190 Fragen warten auf Pröll

Pröll muss sich dann 190 Fragen stellen, die von den Budgetplänen bis hin zur derzeitigen Lehrer-Debatte reichen. So soll der Finanzminister etwa erklären, ob er ausschließen kann, dass es zu Kürzungen beim Arbeitslosengeld, den Pensionen, den Agrarförderungen, beim Kindergeld oder der Familienbeihilfe kommt. Konkreter nachgefragt wird, ob die Kindergeld-Varianten zusammengestrichen werden und ob die 13. Familienbeihilfe fällt.

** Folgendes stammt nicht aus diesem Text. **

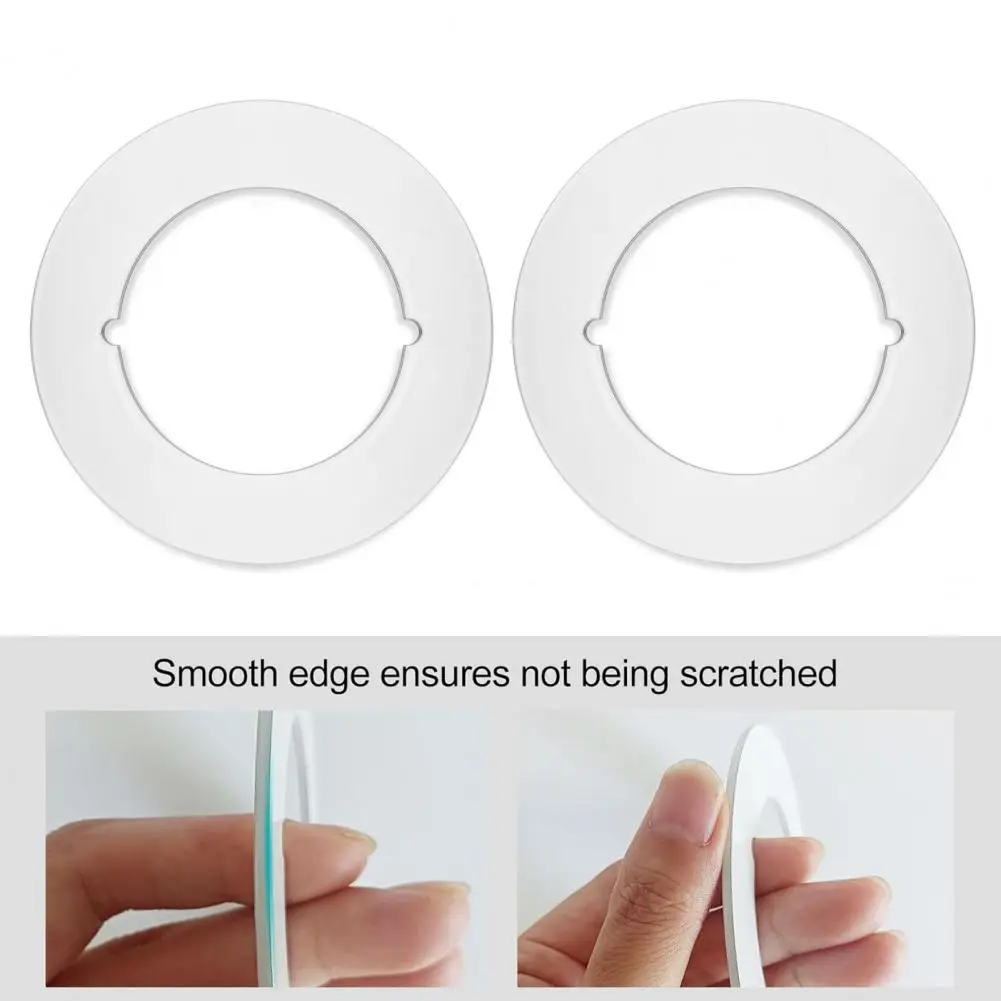 1/2Pcs Round Door Knob Plates Self Adhesive Scratch-Resistant Simple Installation Door Handle Cover Filler Fixing Repair Plates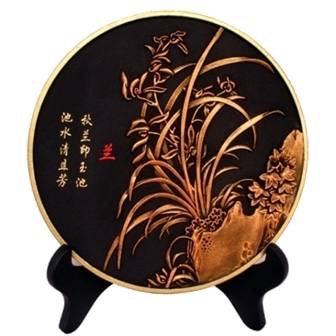 炭雕工艺品 商务馈赠创意装饰品碳雕摆件RD-845406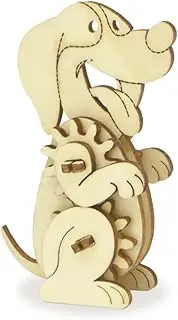 3D Puzzles for Kids Ages 8-12 - Wooden Models 3D Wooden Puzzles for Adults Wood Animals 3D Wood Puzzles for Kids with Mechanical Gears Wood Crafts for Kids 3D Wood Puzzles for Adults 3D Puzzle (Dog)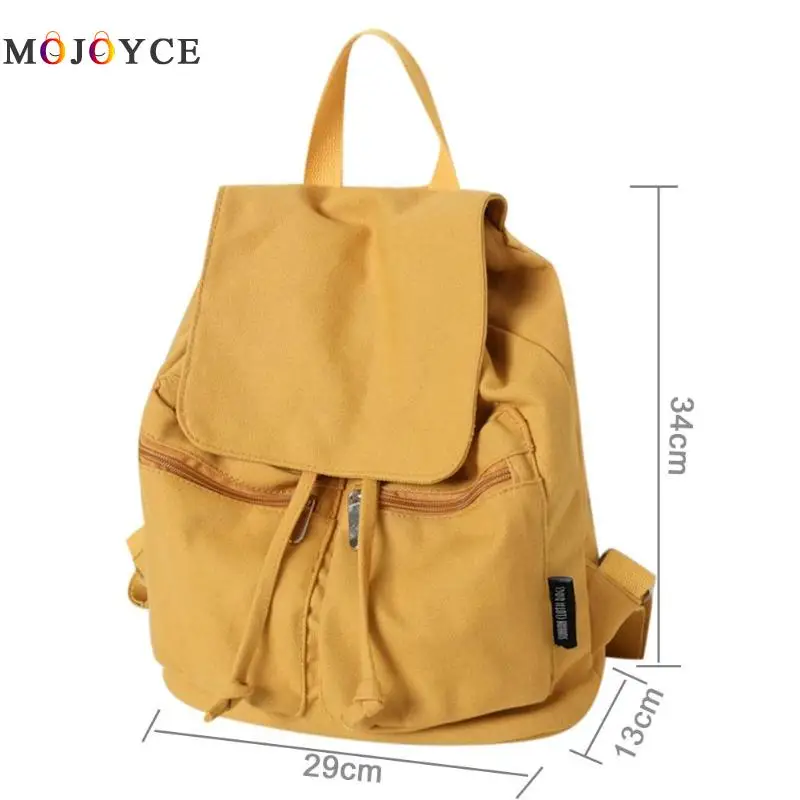 Mochila de lona para mujer, mochila informal, mochila de Color puro, mochila para adolescentes, mochila escolar, mochila femenina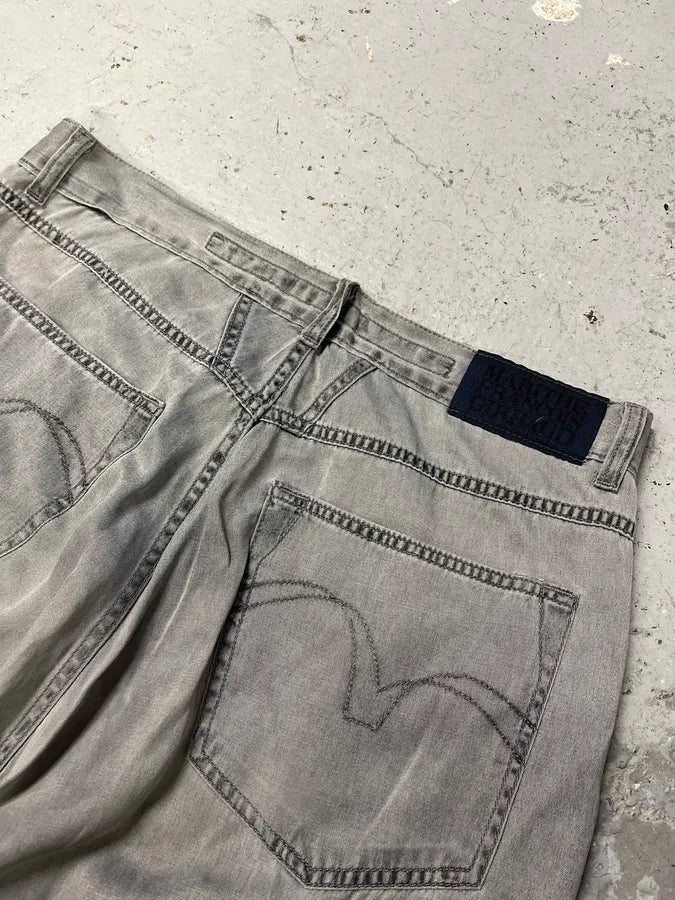 2000s Marithé + François Girbaud Grey Utility Pants ZDVIVUv 9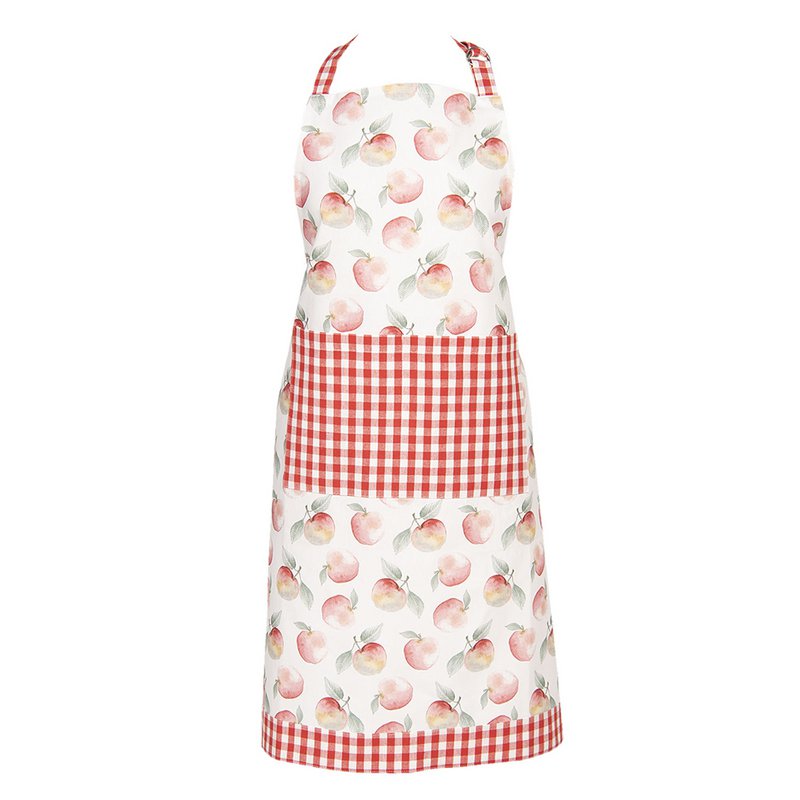 Keukenschort 70x85 cm Rood Groen Katoen Appels BBQ Schort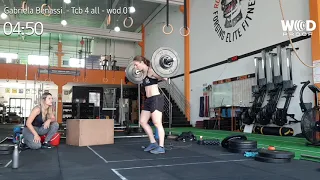 Gabriela Benassi - Rovers Crossfit / TCB 4 all wod 01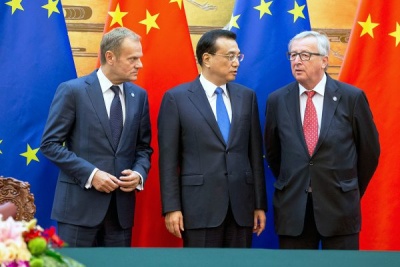 Σύνοδος ΕΕ - Κίνας: Juncker Και Tusk καλούν το Πεκίνο να αποφύγει τον εμπορικό πόλεμο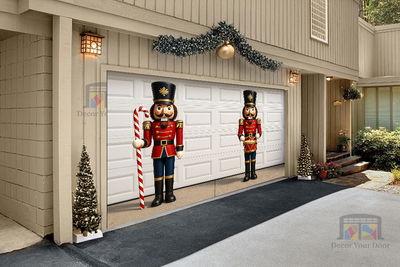 Nutcracker Guard - Garage Door Cover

Ferner wird der ganze Steuerbereich abgefragt, also ob Vermögenszuwächse stärker besteuert werden sollen, eine Erhöhung der Tabaksteuer kommt, ob die Mehrwertsteuer steigt, die Grundsteuer erhöht wird, die Einheitswerte angehoben werden, die Ökosteuer aufkommensneutral gestaltet wird und vieles mehr.

Dauerbrenner Schule

Der Dauerbrenner Schule findet sich ebenfalls im Fragen-Konvolut. "Wird eine zentrale Lehrerpersonalhoheit des Bundes oder eine dezentralisierte für die Länder Teil des Budgetentwurfes bzw. des Begleitgesetzes sein?" heißt es da etwa. Zudem soll Pröll sagen, was er von mehr Arbeitszeit für Lehrer hält. Bei den Unis hat der Finanzminister zu erläutern, ob er die Basisbudgets zu erhöhen gedenkt und ob er vorhat, mit Deutschland in Verhandlungen über Ausgleichszahlungen für Studenten aus dem Nachbarland zu treten.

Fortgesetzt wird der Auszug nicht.